A member of Allied Artists of America, National Sculpture Society and Society of Animal Artists,  Ott won the coveted Gold Medal of Honor in 2022 from Allied Artists for his otter monument, "River Rascals".  In 2020, he was honored with the Gilbert & Marion Roller Award for his blue heron monument, "Queen of the Waterway".  And in 2021 Allied Artists awarded Ott the Ranieri Sculpture Casting Award for his peregrine falcon/teal piece, "Survival of the Fittest".  He has participated in numerous juried shows and museum exhibitions including the Arizona-Sonora Desert Museum, Brinton Museum, C.M. Russell Museum, Coors Western Art Sale, High Desert Museum, Mountain Oyster Club, National Museum of Wildlife Art, National Cowboy & Western Heritage Museum, National Sculpture Society, Red River Valley Museum, SEWE and Ward Museum of Wildfowl Art.  

Over his career, Ott has placed dozens of life-size and monumental sculptures.
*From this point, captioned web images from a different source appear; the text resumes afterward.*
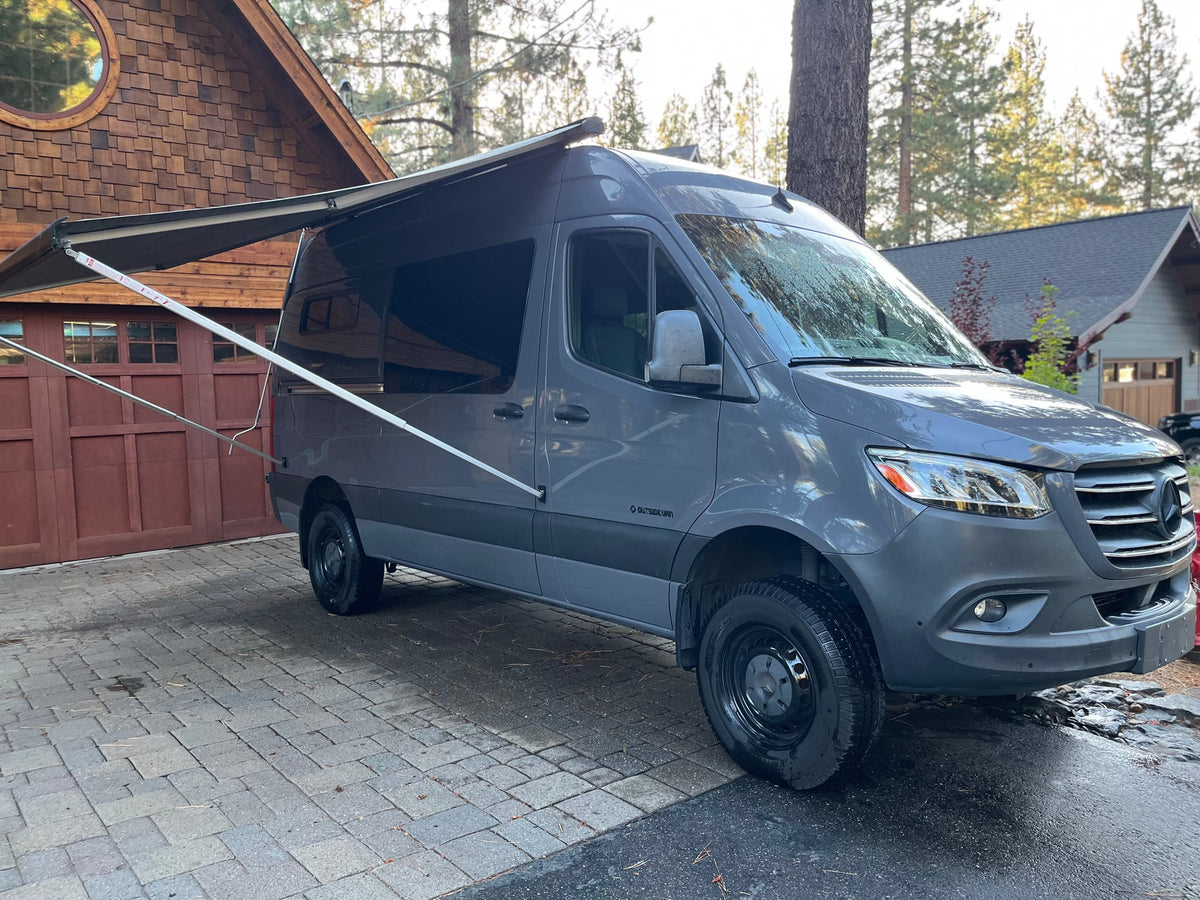  parked on pavers in a wooded area. Perfect for your next outdoor adventure.|Stylish gray Mercedes Sprinter camper van with awning extended — photo 2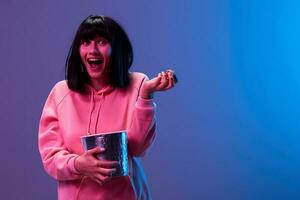 Cheerful excited awesome brunet woman in pink hoodie with popcorn hold hand up open mouth posing isolated in blue violet color light studio background. Neon party Cyberpunk Cinema concept. Copy space photo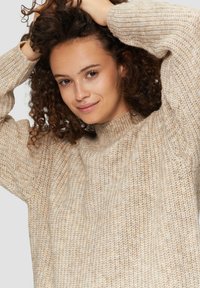 Beige gestrickter Pullover mit hohem Kragen, strukturiertem Stoff und lockerer Passform. Verfügt über weite Ärmel und ein weiches, gemütliches Aussehen.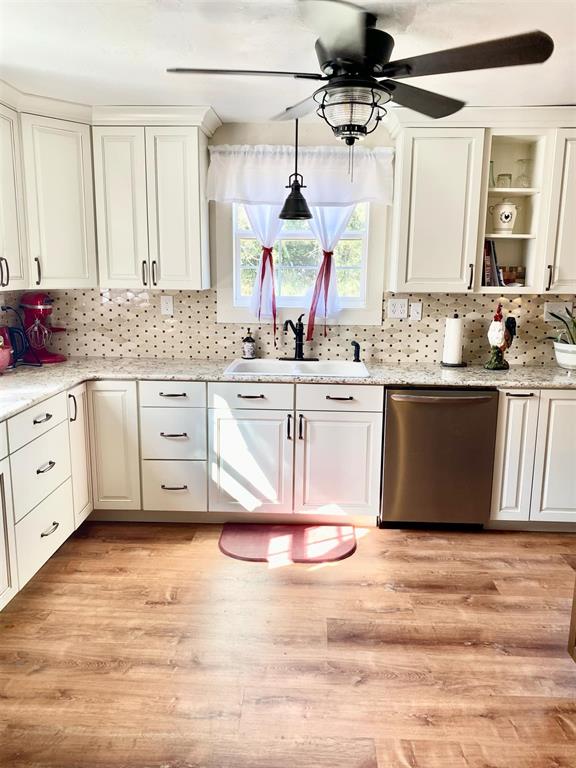 kitchen with dishwasher, light stone countertops, light wood-type flooring, and sink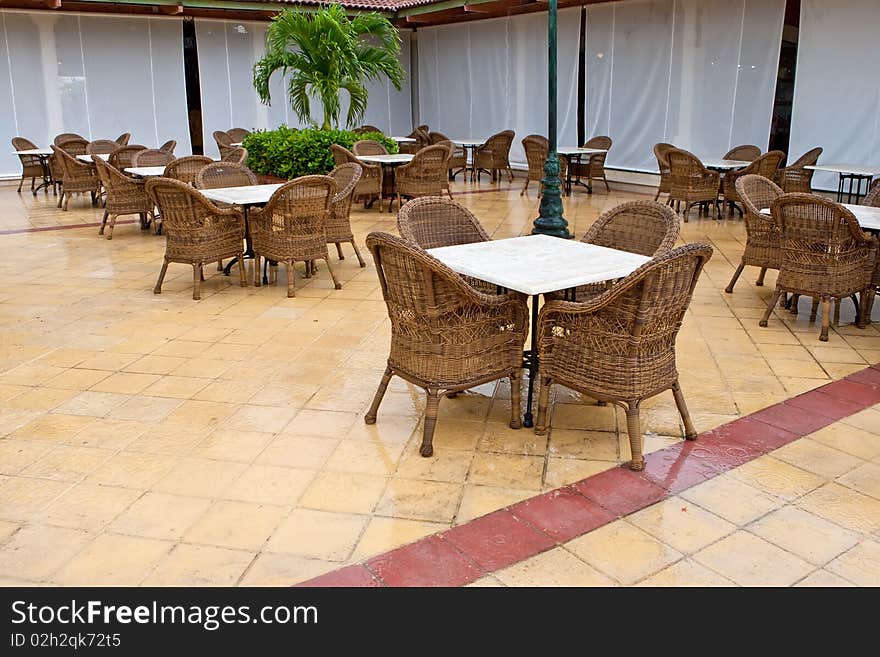 Brown wooden chairs an tables on patio in the morning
Three of his most notable pieces are "Stream Side Companions", a fly fisherman and Labrador at Bozeman/Yellowstone International Airport, mountain man, "Jim Bridger" at Bozeman’s Chamber of Commerce and heron monument, "Queen of the Waterway" at Campbell County Cemetery and Sculpture Park in Gillette, WY.  In the fall of 2024, Ott will unveil his monument "Henry Rono", former world class runner at his alma mater, Washington State University, in Pullman, Washington. 
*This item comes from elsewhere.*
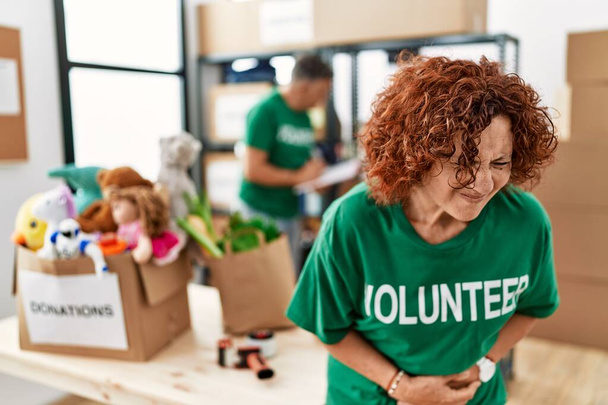 Middle age woman wearing volunteer t shirt at donations stand with hand on stomach because nausea, painful disease feeling unwell. ache concept.  - Foto, Imagen
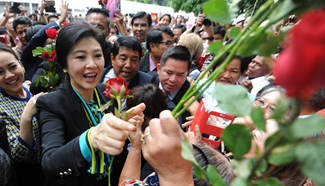 Ex-Thai premier Yingluck appears in court over rice subsidy scheme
Growing up in Spokane, Washington, he has been a wildlife enthusiast and outdoorsman since he was a boy.  Ott attended Washington State University on a tennis scholarship. After graduating, he went to Alaska and worked as a fishing guide for three summers and a welder’s helper in Prudhoe Bay for a year.  It was during this period that he realized that sculpting was his passion.  Ott, his wife Joan of 37 years, and their four children live in Bozeman, MT.  "I am fortunate in having a career as a wildlife sculptor and to be living in Montana.  "It’s a great place to raise a family and to work as a sculptor.  The abundant wildlife, wilderness and resources, provides me with endless ideas and inspiration for my work.”